Doctor. Is it not natural to die? Then if a dozen or two of my patients have died under my hands, is not that natural?

Lisette. Very natural, indeed.

– Mrs. Inchbald.

And if you die,

Why then you lie

Stretched on the bed of honour.


– Dibdin.

Early the following morning, Elsworth presented himself to young Dr. Wilson, the house surgeon in charge of the wards under the chief care of the surgeons, to whom he was appointed dresser.

Hitherto he had done no practical work in the wards at all. It was against the regulations for any student to be a dresser in the surgical wards till he had passed his primary or first professional examination, at the end of his second winter session.

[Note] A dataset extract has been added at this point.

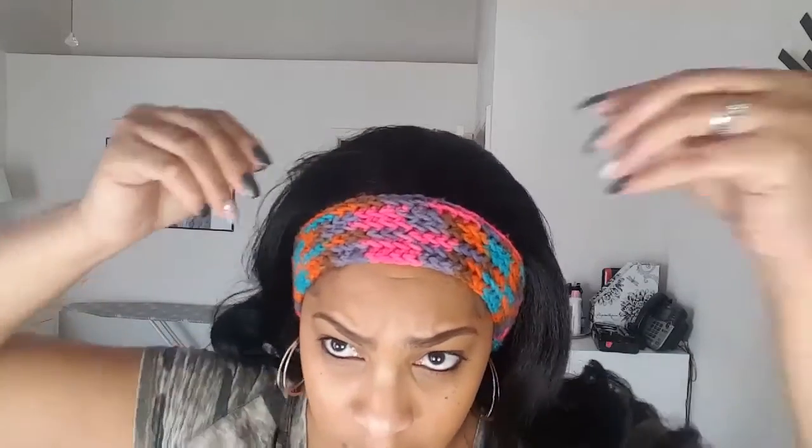Another option would be a headband. This one was made for me as a Christmas gift by one of my former students. It's a nice wide band — probably close to 2 inches in width — so that's plenty to cover up the line of demarcation between the edge of the wig and my own hairline. I'm not going to use the combs because I'm trying to keep my edges. I'll pull the wig back just a tiny bit so it doesn't look like I'm wearing it over my forehead, and then I'd just put my headband on like so.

He had opportunities of learning the countless little details of minor surgery in the out-patient departments day by day, but now he was to be introduced to a very different kind of work. He would have some forty or fifty patients to study and report upon, to watch the progress of their maladies, or the processes of their cure, to dress the wounds, bandage, apply the remedies ordered by the house surgeon, or the surgeon-in-chief, and himself perform such operations as in their discretion he might be entrusted with. Everybody must have a beginning, and upon whom can one begin surgery so well as an hospital patient? Your dentist began upon somebody; he did not acquire without practice that nice skill, that rapidity, almost amounting to sleight of hand, by which he jerks out your offending molar, before you are half aware he has begun. To be sure, he had a long course on sheeps’ heads from the butchers, and then at the hospital or dispensary, he tugged away at the mouths of poor children, or men and women of low degree, who could not afford the chemist’s shilling, or the still cheaper barber’s fee, and who, getting the job done for nothing, could not reasonably complain of the several bungling attempts with the wrong instruments applied in the wrong way, and often to the wrong tooth.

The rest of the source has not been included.